Monday, Nov. 01, 1943
MacCool's the Name
Who in the name of Abner Doubleday is Finn MacCool? Perhaps a first baseman Branch Rickey spotted in. Nellies Apron, Ark.? What's his batting average?
When lean, soft-spoken Arthur Daley made an offhand reference to MacCool in his New York Times sports column, readers scurried to the record books. They found Finn's name nowhere, and wrote indignantly to Daley, to say so. Last week, Daley wrote a column about the greatest fielder and base runner of his time.

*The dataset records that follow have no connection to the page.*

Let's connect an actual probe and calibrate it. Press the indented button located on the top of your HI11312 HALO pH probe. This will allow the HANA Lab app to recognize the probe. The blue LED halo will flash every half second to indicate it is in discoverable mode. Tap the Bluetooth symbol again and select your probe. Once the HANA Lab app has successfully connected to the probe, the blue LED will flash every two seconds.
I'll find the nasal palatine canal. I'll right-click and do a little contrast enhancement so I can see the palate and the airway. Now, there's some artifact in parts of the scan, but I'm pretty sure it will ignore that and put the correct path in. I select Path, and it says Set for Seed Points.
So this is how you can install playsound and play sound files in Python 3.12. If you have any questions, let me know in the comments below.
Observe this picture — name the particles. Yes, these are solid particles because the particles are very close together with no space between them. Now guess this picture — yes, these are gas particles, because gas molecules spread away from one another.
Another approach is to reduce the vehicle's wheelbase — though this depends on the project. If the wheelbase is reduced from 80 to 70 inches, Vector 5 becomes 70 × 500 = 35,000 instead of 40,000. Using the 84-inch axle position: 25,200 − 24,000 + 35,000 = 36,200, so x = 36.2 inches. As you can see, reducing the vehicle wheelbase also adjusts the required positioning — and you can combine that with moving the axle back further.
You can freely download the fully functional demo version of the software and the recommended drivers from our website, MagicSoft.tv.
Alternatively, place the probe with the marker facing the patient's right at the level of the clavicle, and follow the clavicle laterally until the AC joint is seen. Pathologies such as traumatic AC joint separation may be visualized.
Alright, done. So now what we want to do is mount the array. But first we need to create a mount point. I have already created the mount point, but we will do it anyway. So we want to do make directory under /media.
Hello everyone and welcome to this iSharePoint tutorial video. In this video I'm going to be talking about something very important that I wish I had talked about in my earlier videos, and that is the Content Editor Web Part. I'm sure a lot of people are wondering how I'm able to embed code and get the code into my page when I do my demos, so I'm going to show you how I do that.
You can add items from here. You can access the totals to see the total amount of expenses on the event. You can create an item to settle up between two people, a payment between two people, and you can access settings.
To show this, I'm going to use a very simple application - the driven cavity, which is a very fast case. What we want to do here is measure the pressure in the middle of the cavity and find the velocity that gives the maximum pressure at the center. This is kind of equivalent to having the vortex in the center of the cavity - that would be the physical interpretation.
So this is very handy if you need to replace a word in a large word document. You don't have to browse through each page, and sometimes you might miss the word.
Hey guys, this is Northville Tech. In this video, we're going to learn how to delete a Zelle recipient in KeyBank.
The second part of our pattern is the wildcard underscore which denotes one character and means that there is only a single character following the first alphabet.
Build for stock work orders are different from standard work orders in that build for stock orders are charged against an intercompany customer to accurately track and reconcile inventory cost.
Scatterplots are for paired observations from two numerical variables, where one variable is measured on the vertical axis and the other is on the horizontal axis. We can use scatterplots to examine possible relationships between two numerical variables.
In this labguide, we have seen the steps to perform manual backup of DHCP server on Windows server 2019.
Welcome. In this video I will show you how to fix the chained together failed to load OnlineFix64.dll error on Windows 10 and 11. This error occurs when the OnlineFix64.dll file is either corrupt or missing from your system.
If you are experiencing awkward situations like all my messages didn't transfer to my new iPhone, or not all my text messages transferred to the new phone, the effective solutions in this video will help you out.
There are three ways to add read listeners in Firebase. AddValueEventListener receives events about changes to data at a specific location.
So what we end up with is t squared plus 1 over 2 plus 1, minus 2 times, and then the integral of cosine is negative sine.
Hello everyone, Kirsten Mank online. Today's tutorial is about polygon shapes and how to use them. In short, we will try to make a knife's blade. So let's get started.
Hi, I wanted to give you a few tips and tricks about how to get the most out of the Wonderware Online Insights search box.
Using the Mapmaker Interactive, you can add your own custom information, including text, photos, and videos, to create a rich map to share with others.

Finn MacCool was first & foremost a fighter (he killed Aillin, a goblin who was annoying Ireland) but he also took a little exercise for fun. He could outrun a hare or stag, and he could wing a wild duck with the first stone from his sling. He could jump the width of Ireland (115 miles) in three "leps." Finn once licked two hurling teams singlehanded. They ganged up on him (as hurling players still do) but he killed seven and chased the rest away. Next day he found them swimming. They dared him to come in. Finn drowned them all.
MacCool could also hit. To qualify for the Fianna, a band of soldiers in the service of Cormac Mac Art, Ireland's illustrious Third-Century king, he was buried to the knees as a target for nine warriors. With a shield and hazel stick, Finn knocked their spears aside.
Daley once admired Con the Greyhound for giving the wind a head start and then beating it, and Shaun the Bullock, who could hold himself out at arm's length. But Finn was faster than one, stronger and defter than the other. Concluded Daley: "Bad cess to those who doubt him."